Em mente temos ainda a crise financeira de 2008-09. Resta a perplexidade que sentimos, como a partir de créditos à habitação se criaram produtos financeiros transacionáveis no mercado de capitais, posteriormente vendidos a particulares e organizações, sem qualquer ponderação de risco. Sabotagem, diria Veblen, (em 1904). A sabotagem deriva da palavra francesa “sabot”, um sapato em madeira e percebemos que pretende descrever uma “manobra de desacelerar, ineficiência, caçado, obstrução”, que nos negócios de hoje associa-se também a manter “uma vantagem competitiva ou posicionar-se melhor que os concorrentes” e constitui um instrumento incontornável para análise das muitas das crises do sistema capitalista contemporâneo, principalmente as relacionadas com o sistema financeiro, muito mais que as teorias de mercado e da economia comportamental[6].

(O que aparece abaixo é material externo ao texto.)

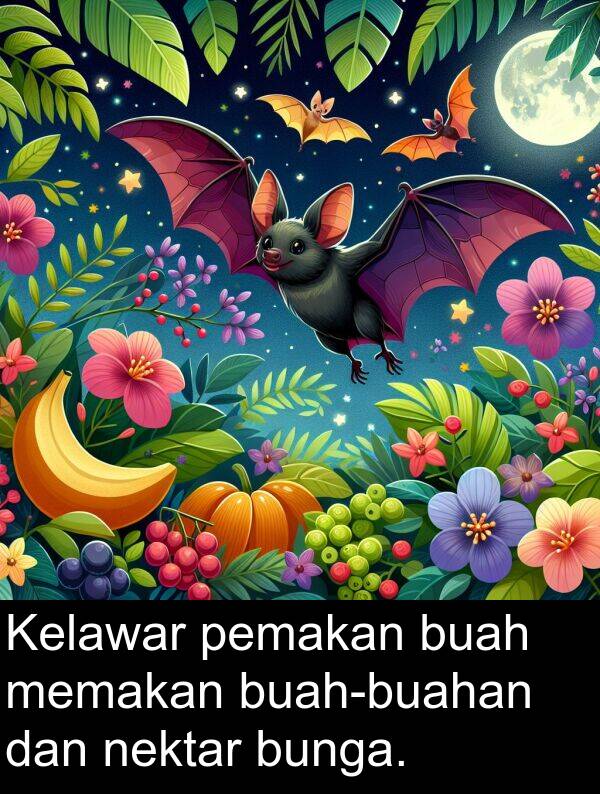 pemakan: Kelawar pemakan buah memakan buah-buahan dan nektar bunga.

No futebol não fomos sujeitos passivos da transformação, gritamos bem alto “Sabotagem”. Governantes, Instituições Nacionais e Internacionais, nomeadamente a UEFA mais a FIFA, por diferentes razões, ouviram bem. Mas, custa a entender que só aconteça com o futebol, quando o fenómeno se banalizou e está difundido por todos os setores de atividade.

[1] Amantes do Futebol Unidos. As referência a Veblen, T. estão suportadas no artigo de Wray, I. Randal “Veblen’s Theory of Business Enterprise and Keynes’s Monetary Theory of Production”, June 2007, “Journal of Economic”
[2] Worldfootball Report, 2018, Nielsen Sports.
[3] Revenues: “The Sport Market”. AT Kearny. Based on the Sports Events Market – Ticket sales, Media, Marketing. “Global sporting events market revenue by region and sport”, Statistica.
[4] Espanha (3): Real Madrid, FC Barcelona e Atlético de Madrid, Itália (3): Juventus, Inter Milão e AC Milão; Inglaterra (6): Manchester United, Chelsea, Liverpol, Totenham, Arsenal, Manchester City
[5] Trespasse (goodwill): corresponde a benefícios económicos futuros resultantes de activos que não são capazes de ser individualmente identificados e separadamente reconhecidos. NCRF 14 – Concentrações de Actividades Empresariais, Comissão de Normalização Contabilística. http://www.cnc.min-financas.pt/_siteantigo/SNC_projecto/NCRF_14_concentr_activid_empresariais.pdf.
[6] N., Anastasia and P., Ronen, “Sabotage, The Business of Finance”, 2020, Penguin Book.